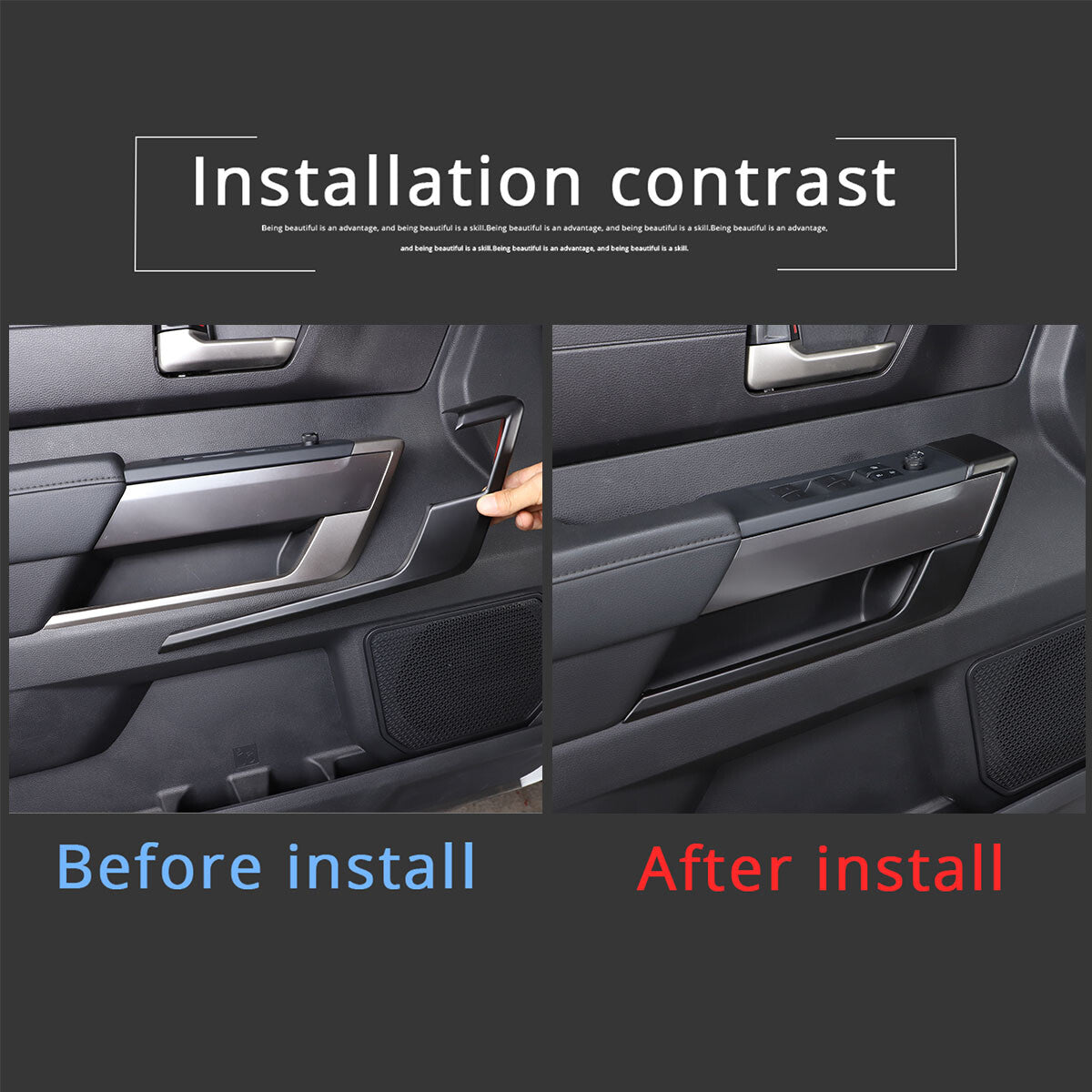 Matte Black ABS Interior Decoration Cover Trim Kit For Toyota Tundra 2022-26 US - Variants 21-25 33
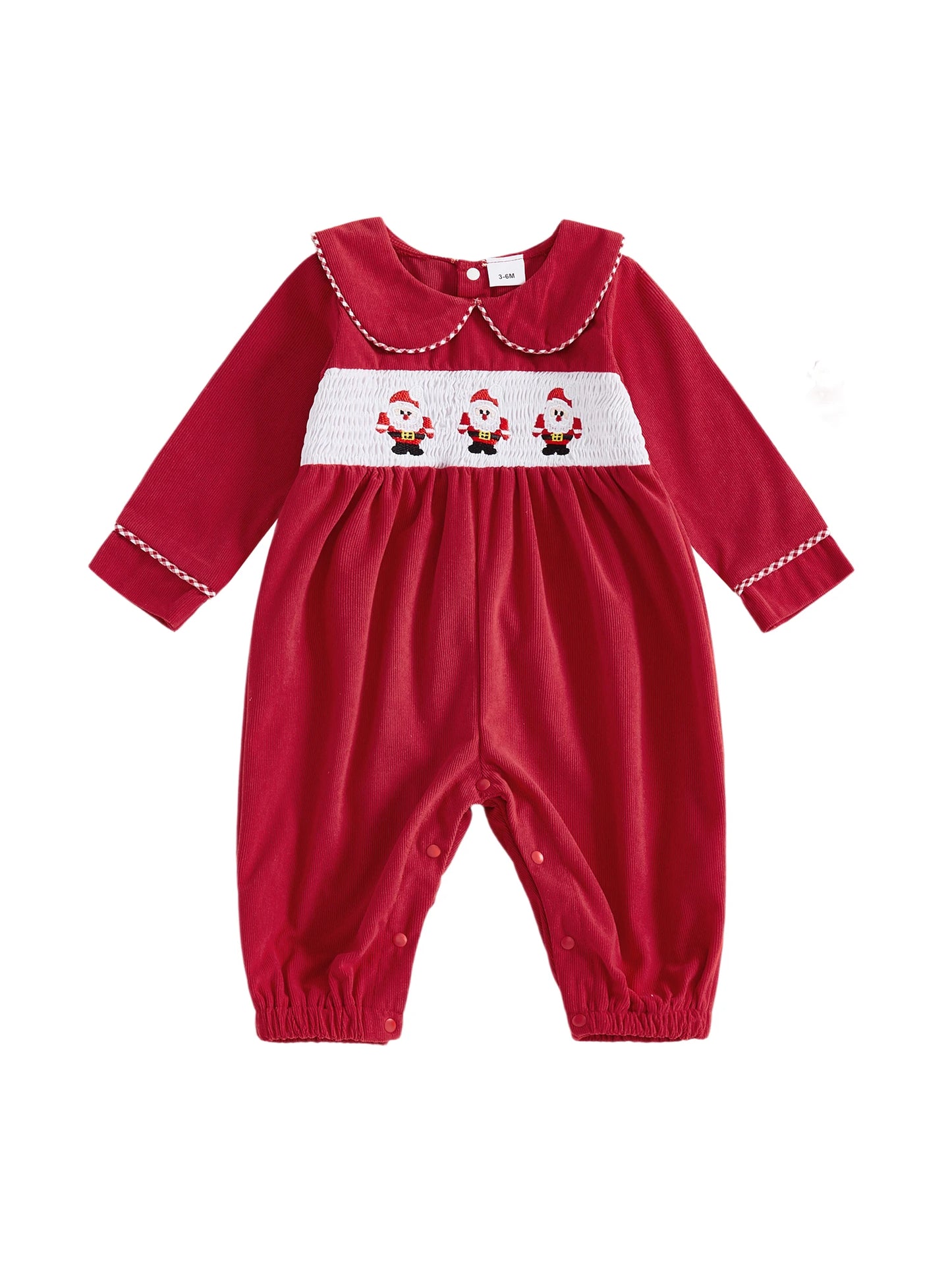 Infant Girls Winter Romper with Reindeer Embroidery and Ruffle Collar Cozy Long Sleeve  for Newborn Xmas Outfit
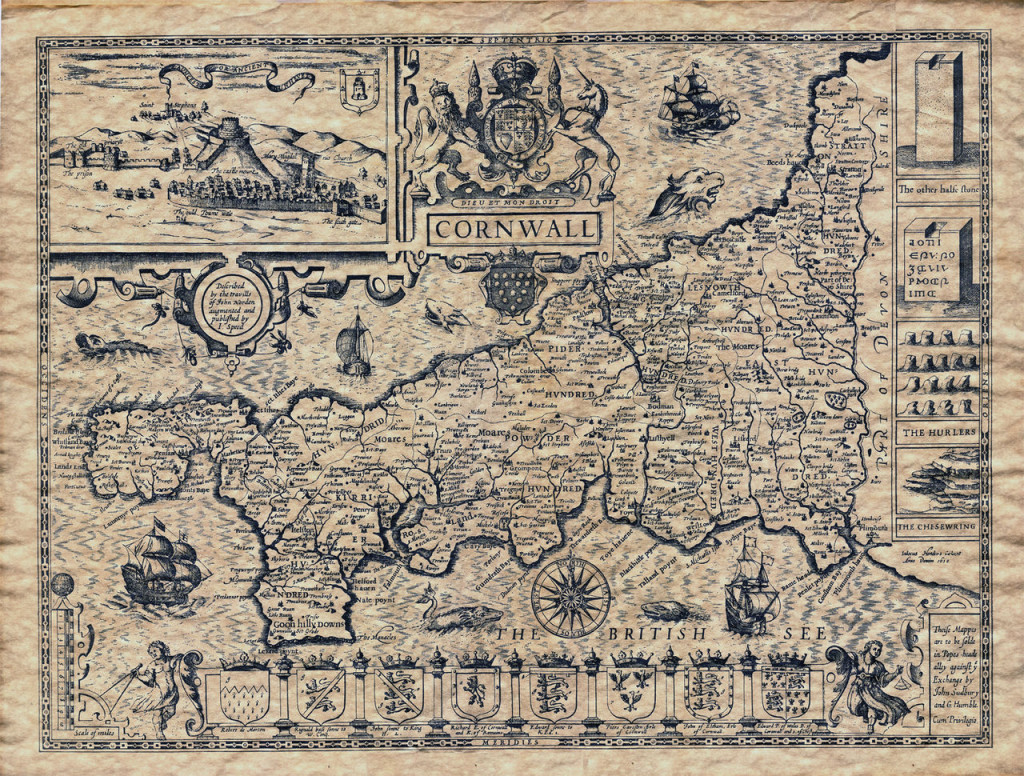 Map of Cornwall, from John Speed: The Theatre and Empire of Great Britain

---

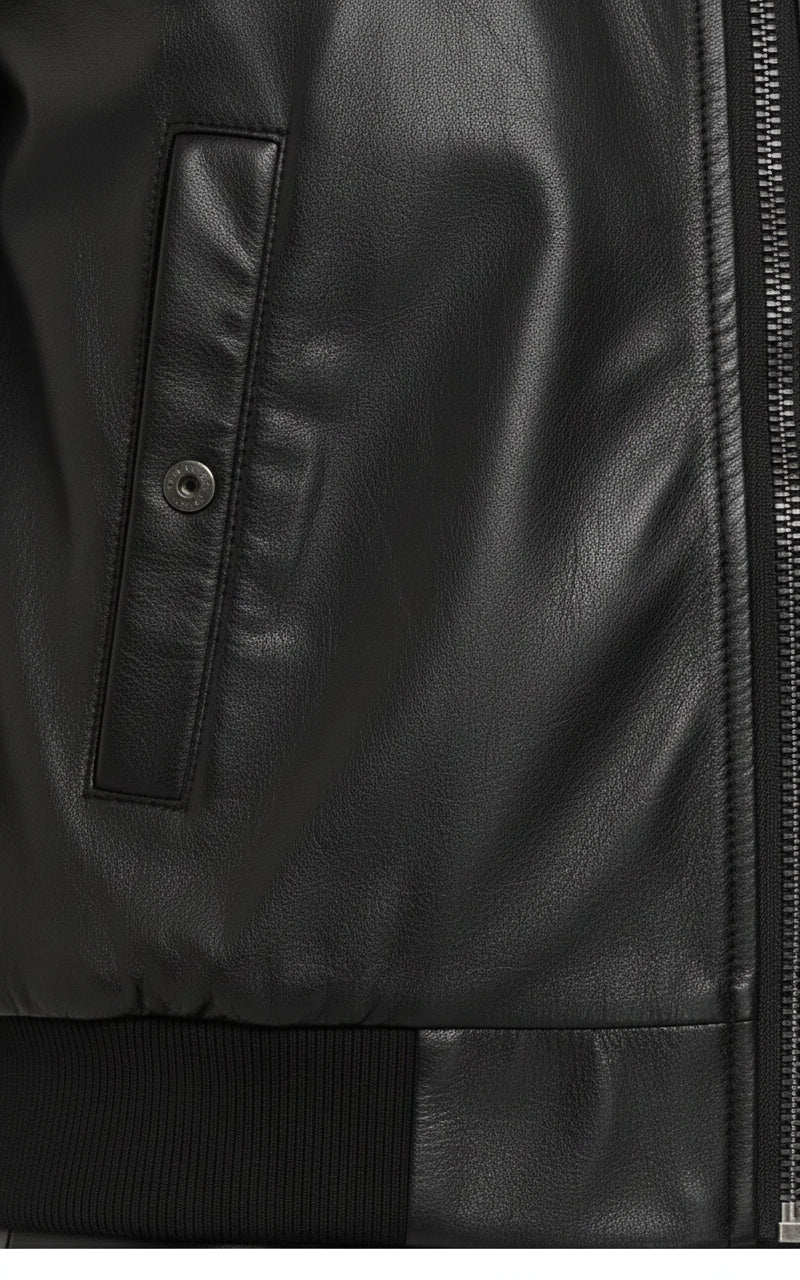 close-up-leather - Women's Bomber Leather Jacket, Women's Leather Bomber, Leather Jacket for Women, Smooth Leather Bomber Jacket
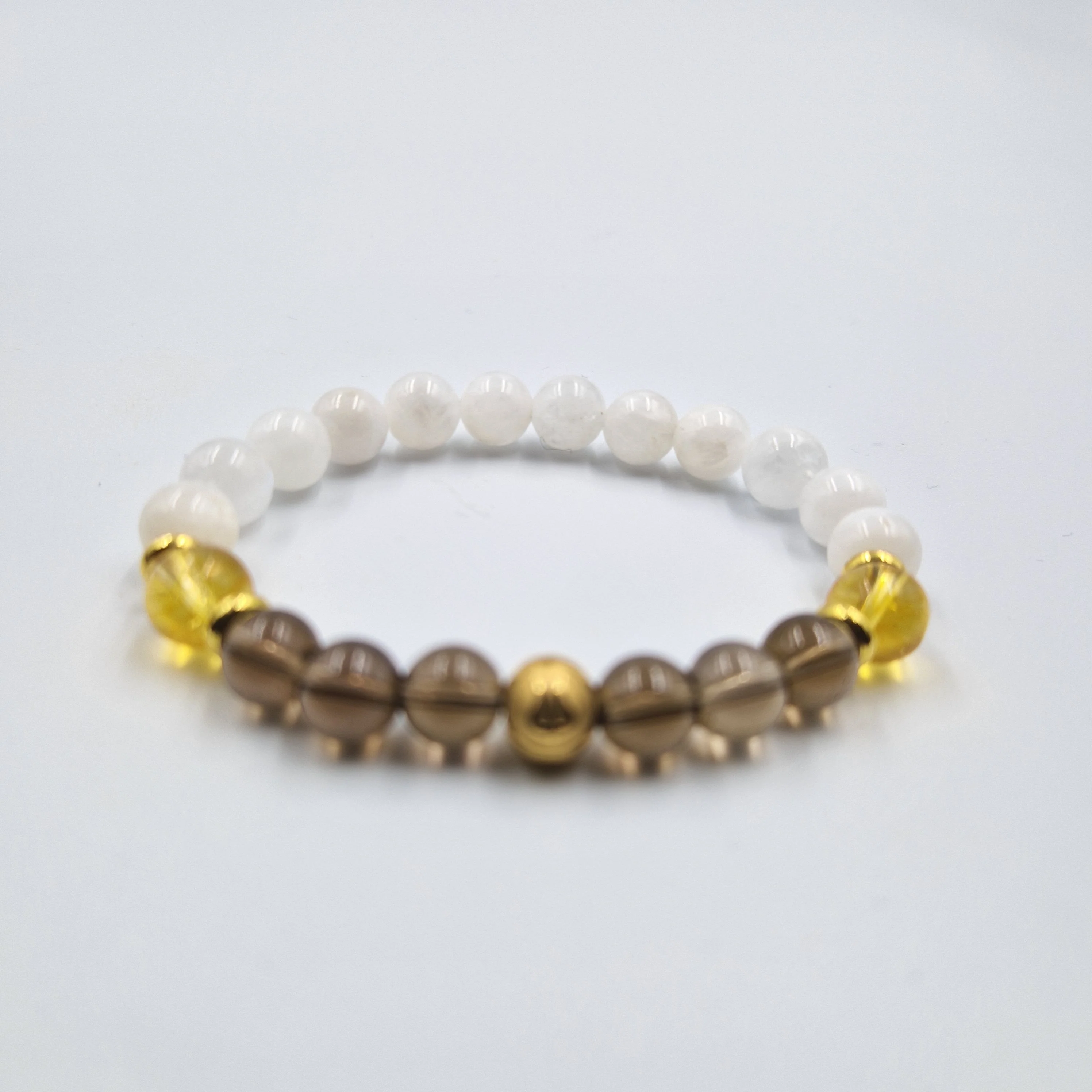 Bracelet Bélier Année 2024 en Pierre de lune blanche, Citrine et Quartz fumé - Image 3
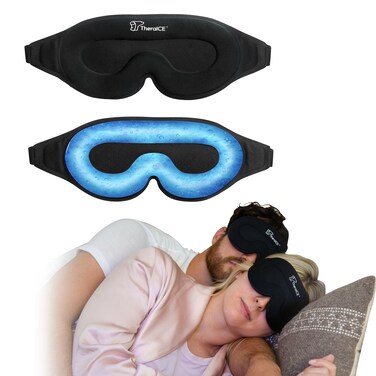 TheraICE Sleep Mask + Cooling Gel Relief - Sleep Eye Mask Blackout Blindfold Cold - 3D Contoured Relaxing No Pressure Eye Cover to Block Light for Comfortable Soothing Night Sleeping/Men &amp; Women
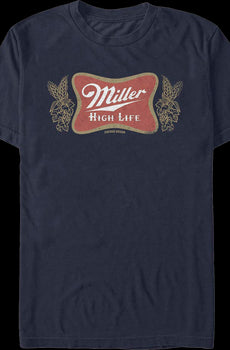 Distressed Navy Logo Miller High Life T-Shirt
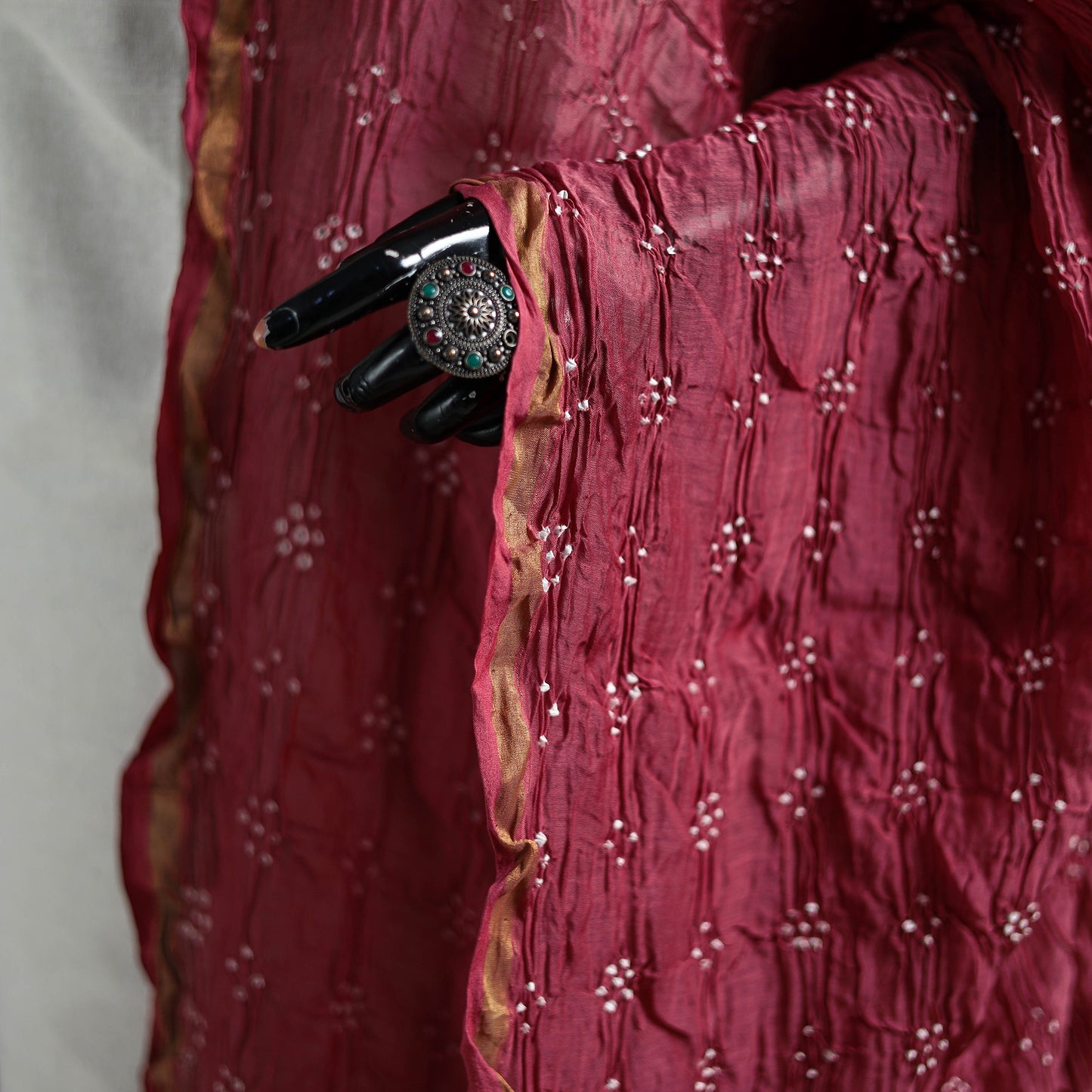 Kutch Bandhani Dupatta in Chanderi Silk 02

WHAT TO PRODUCE -
Taking the entries above, extract every line from the one bearing "Matte Black ABS" through the one bearing "Map of Cornwall, from", exactly, with no pictures.

RESULT FOR THIS TASK -
 Matte Black ABS Interior Decoration Cover Trim Kit For Toyota Tundra 2022-26 US - Variants 21-25 33
 Infant Girls Winter Romper with Reindeer Embroidery and Ruffle Collar Cozy Long Sleeve  for Newborn Xmas Outfit
 Map of Cornwall, from John Speed: The Theatre and Empire of Great Britain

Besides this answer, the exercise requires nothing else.